| Records for this task |
····················

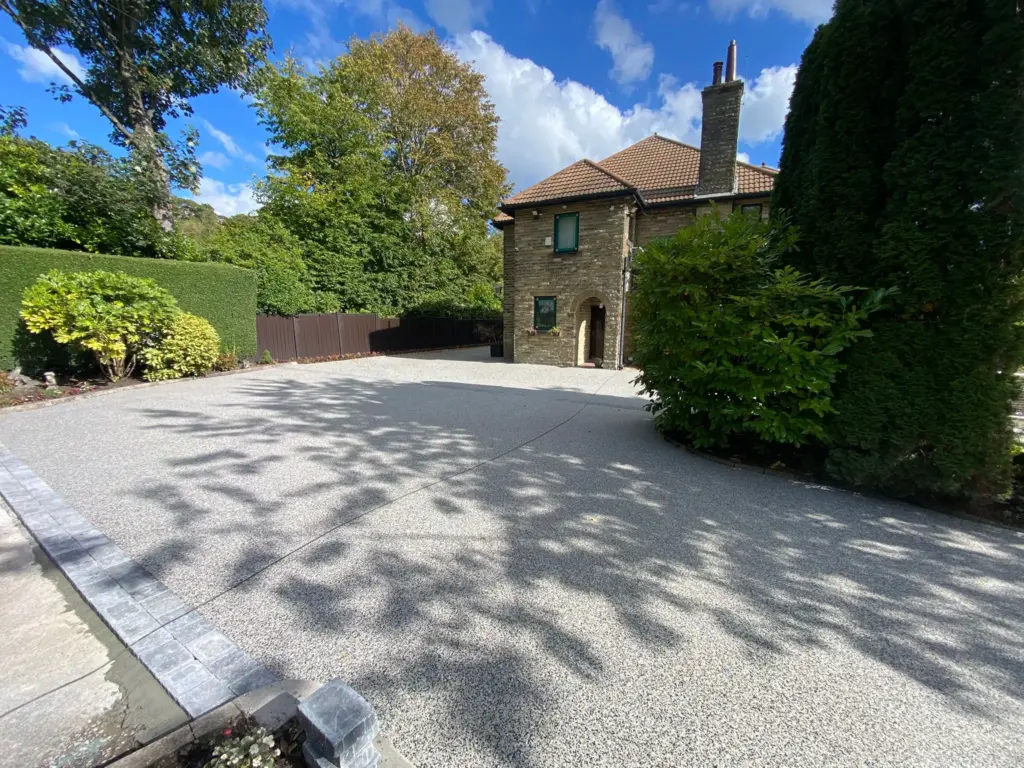 Grey Resin Bound Driveway Installation At A Victorian Property In Savile Park Halifax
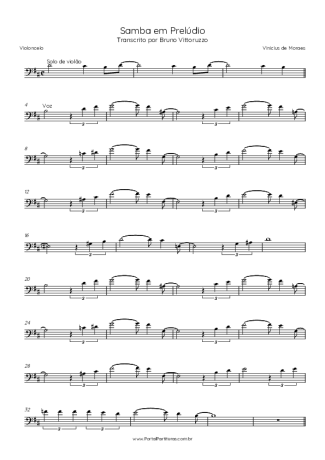 Vinicius de Moraes Samba Em Prelúdio score for Cello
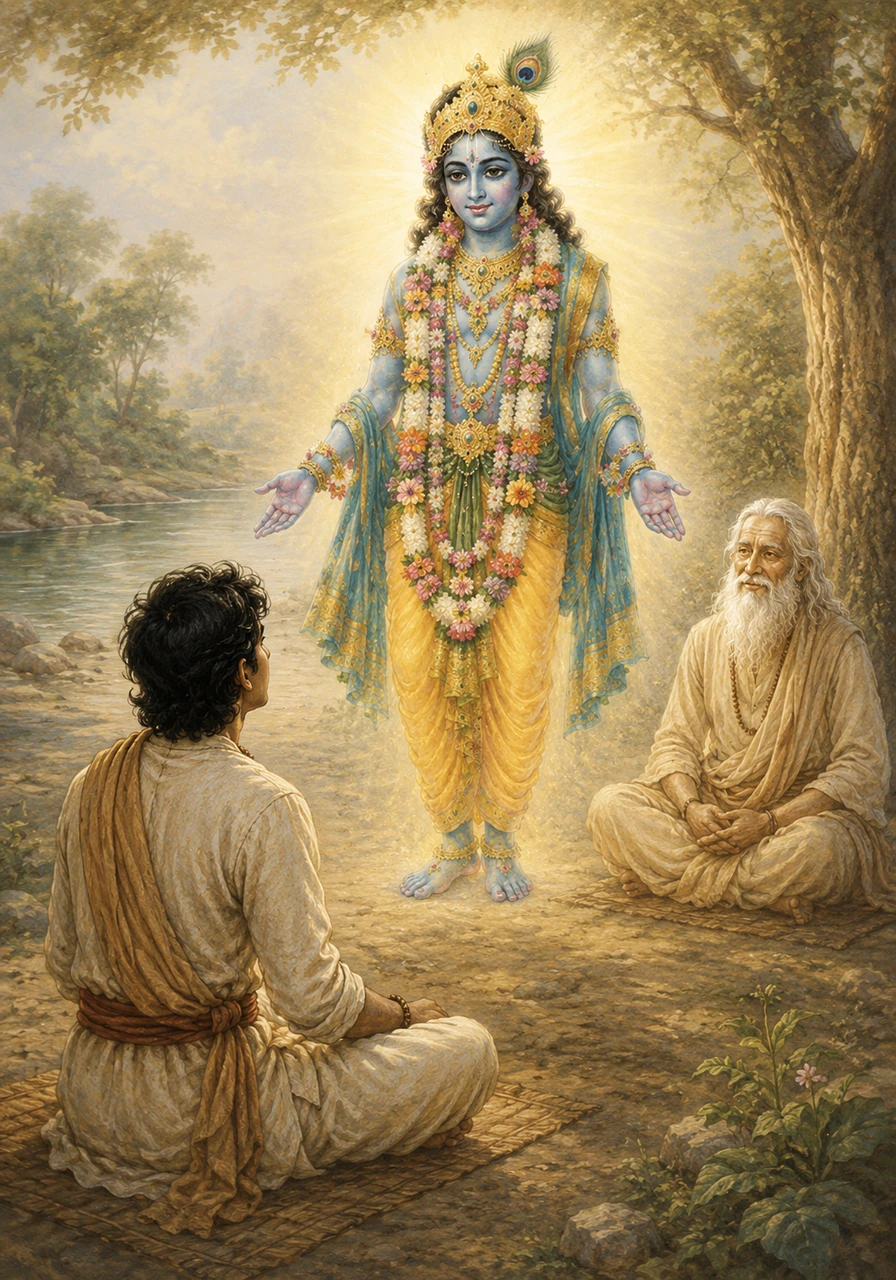 Sitting in quiet meditation, Kavi envisions a beautiful, compassionate figure standing before him, radiating peace. This personal connection fills his soul with a transcendental faith that no storm can shake.
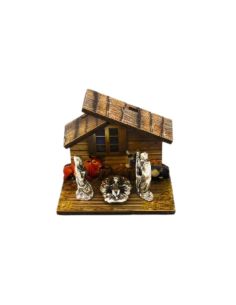 Nacimiento 7cm leño metal establo
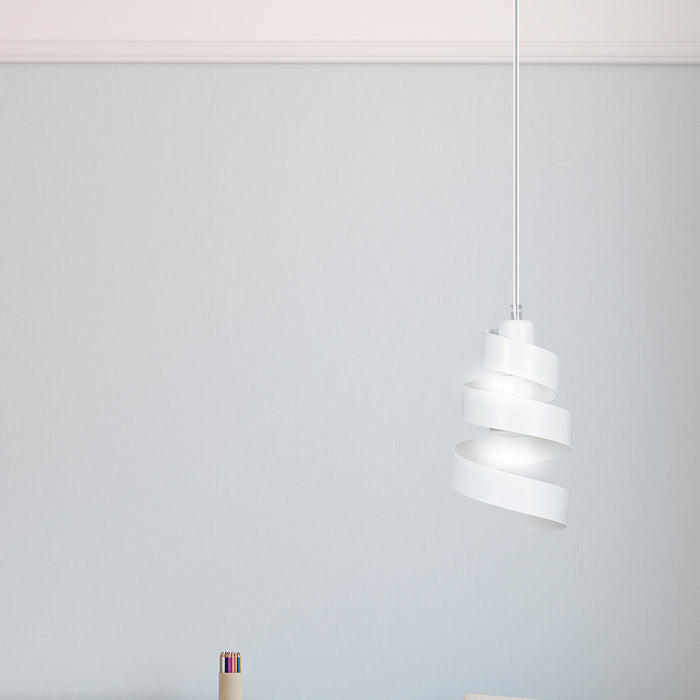 Sospensione Moderna 1 Luce Tristano In Acciaio Bianco Con Fasce A Spirale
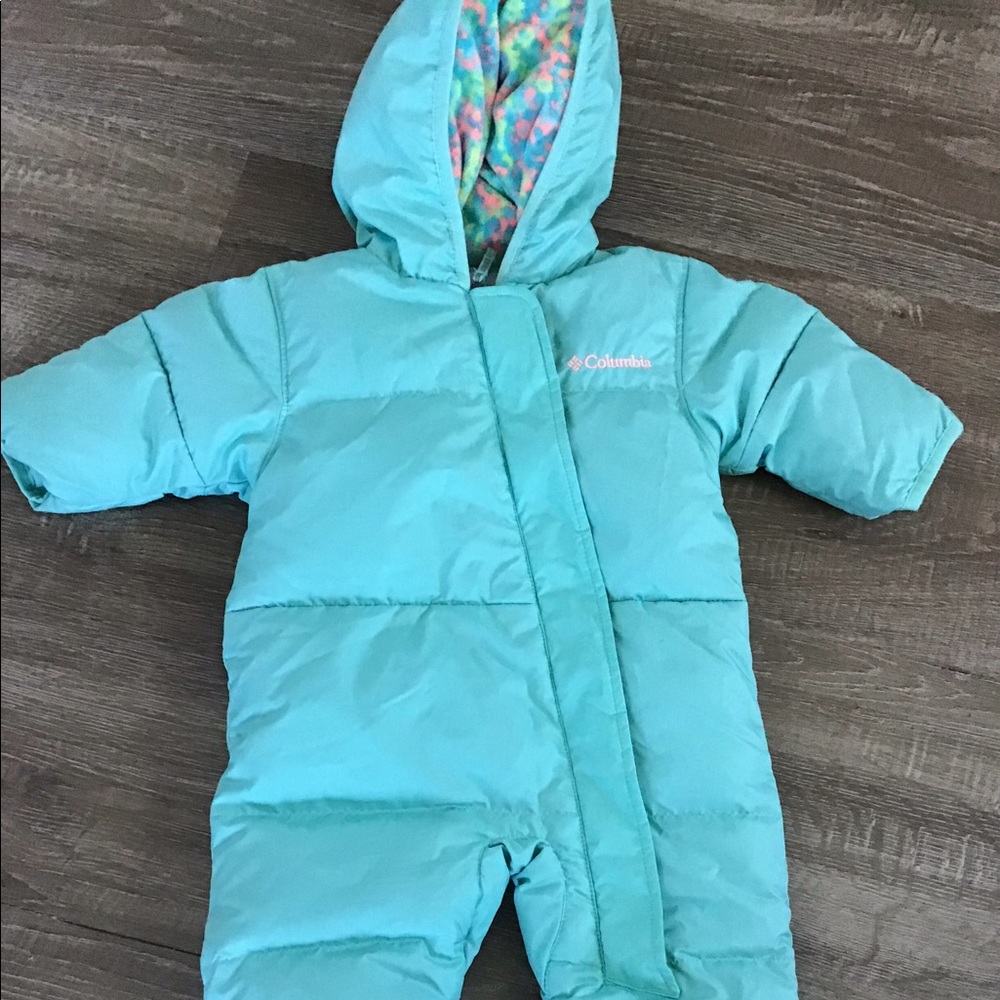 Columbia snow suit 0-3 months down girls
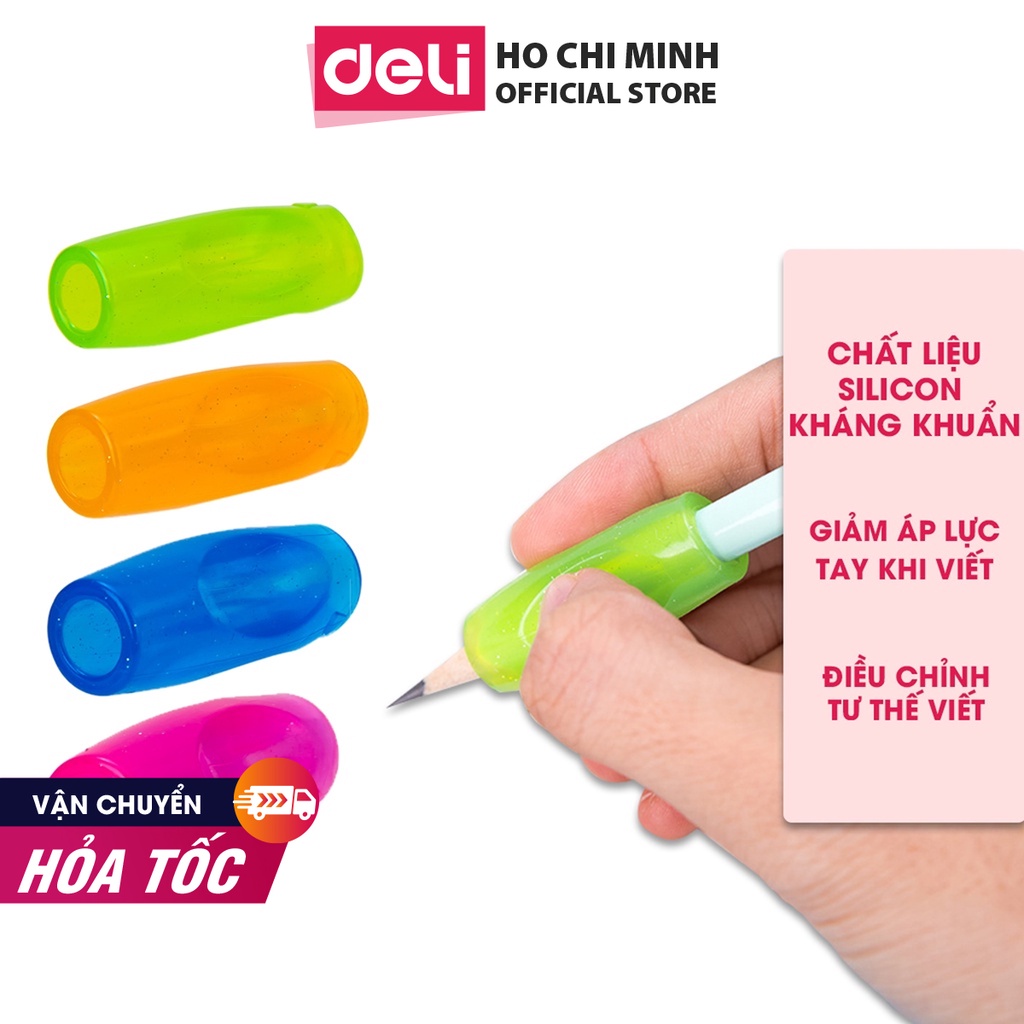 Dụng cụ hỗ trợ cầm nắm bút cho học sinh Deli - giúp bé tập viết hỗ trợ định hình tay bút - vỉ 4 chiếc - 507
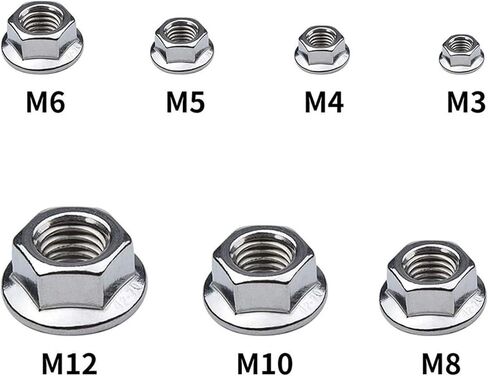 Hexagon شفة المكسرات M3 M4 M5 M6 M8 M10 M12 M16 M20 304 مقاوم للصدأ مقاوم للصدأ قفل التلقائي DIN6923 Serrated Spinlock (M20 × 1PCS) in Saudi Arabia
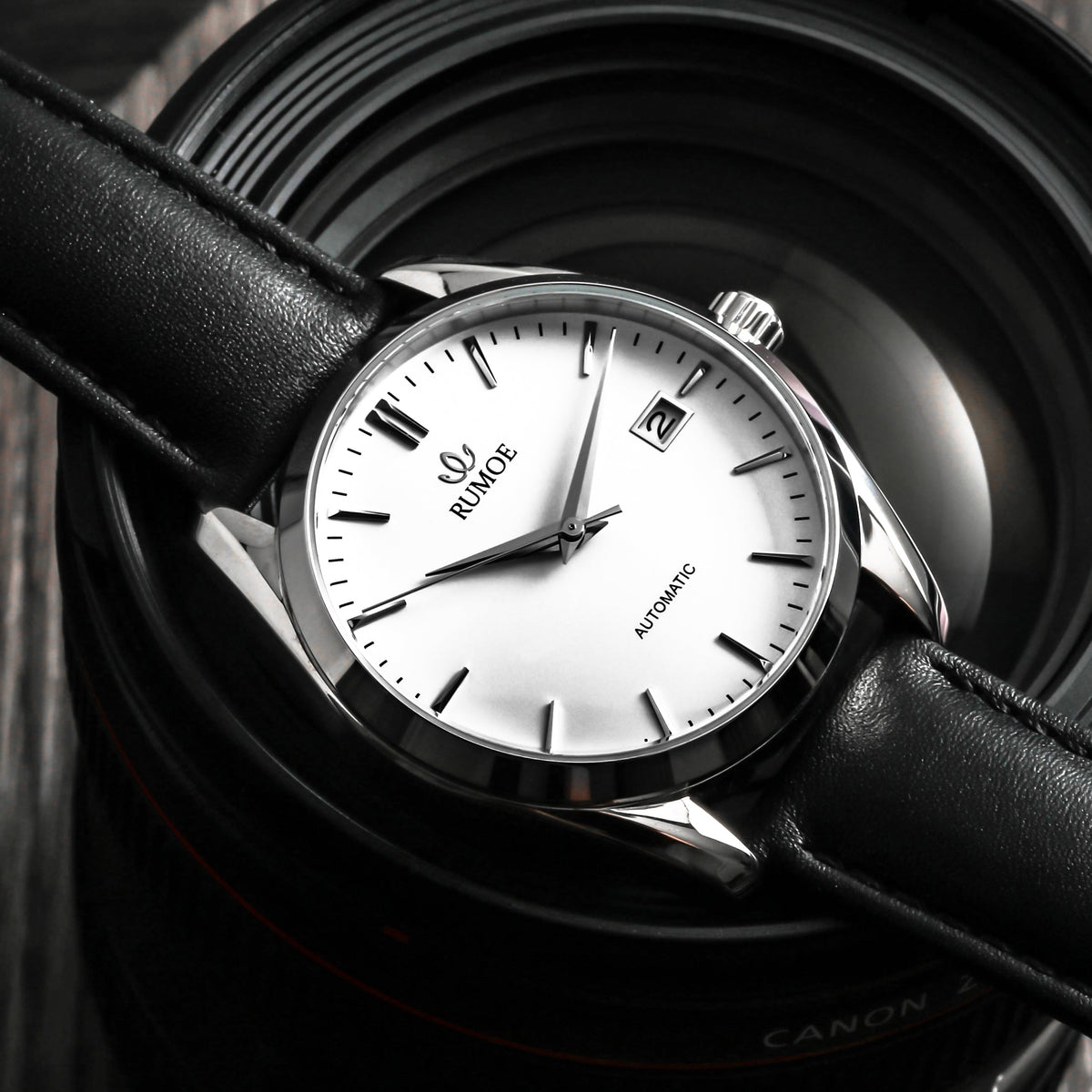 Dalum White / Silver with black calf leather strap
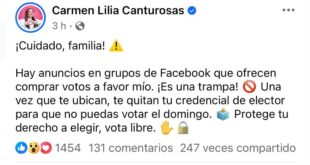 ALERTA CARMEN LILIA CANTUROSAS POR ROBO DE CREDENCIALES DE ELECTOR A TRAVÉS DE FACEBOOK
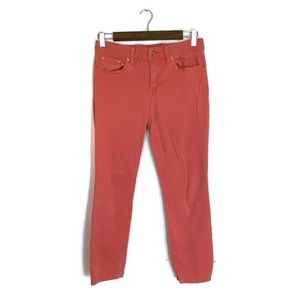 Tory Burch Sz 26 Alexa Cropped Skinny Jeans Pants Coral Pink Orange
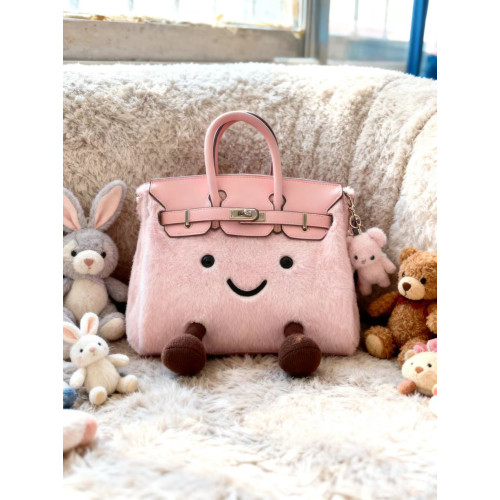 2025秋冬新款bk小精靈鉑金包凱莉包毛絨小挎包大容量單肩托特包女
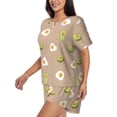 thumbnail image 2 of Kdxio Egg and Avocado Print Pajamas Sets for Women Short-Sleeved Pjs with Lounge Shorts Two Piece Sleepwear S-4XL, 2 of 8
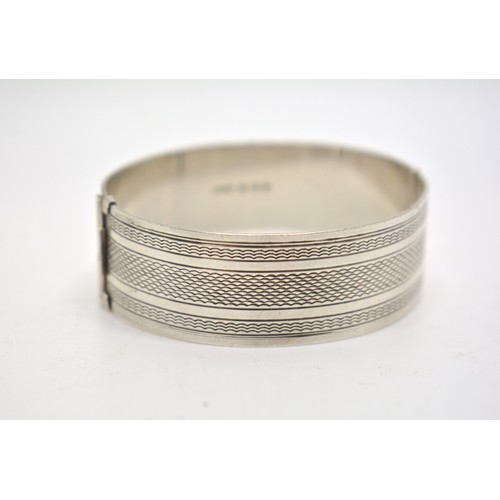 182 - x3 Silver cuff bangle bracelets, all marked 925.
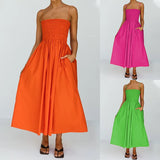 MQTIME  -  Fashion Sleeveless Pleated A-line Long Dress Summer Slash Neck High Waist Dresses Women Beach Spaghetti Strap Cloth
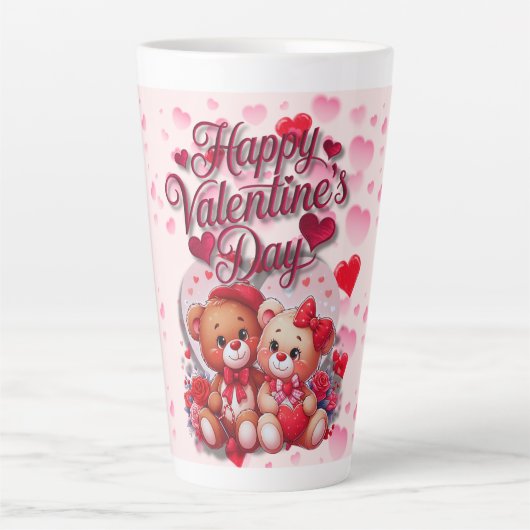 Happy Valentine's Day Loving Teddy Bear Couple Milchtasse (Vorderseite)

····················

| Your task |
Through the line containing "Dalum White /" and no further, restate the data above word for word from its first line, leaving out pictures.

| Solution to the problem |
 Grey Resin Bound Driveway Installation At A Victorian Property In Savile Park Halifax
 Vinicius de Moraes Samba Em Prelúdio score for Cello
 Sitting in quiet meditation, Kavi envisions a beautiful, compassionate figure standing before him, radiating peace. This personal connection fills his soul with a transcendental faith that no storm can shake.
 Nacimiento 7cm leño metal establo
 Sospensione Moderna 1 Luce Tristano In Acciaio Bianco Con Fasce A Spirale
 Columbia snow suit 0-3 months down girls
 Dụng cụ hỗ trợ cầm nắm bút cho học sinh Deli - giúp bé tập viết hỗ trợ định hình tay bút - vỉ 4 chiếc - 507
 Hexagon شفة المكسرات M3 M4 M5 M6 M8 M10 M12 M16 M20 304 مقاوم للصدأ مقاوم للصدأ قفل التلقائي DIN6923 Serrated Spinlock (M20 × 1PCS) in Saudi Arabia
 Dalum White / Silver with black calf leather strap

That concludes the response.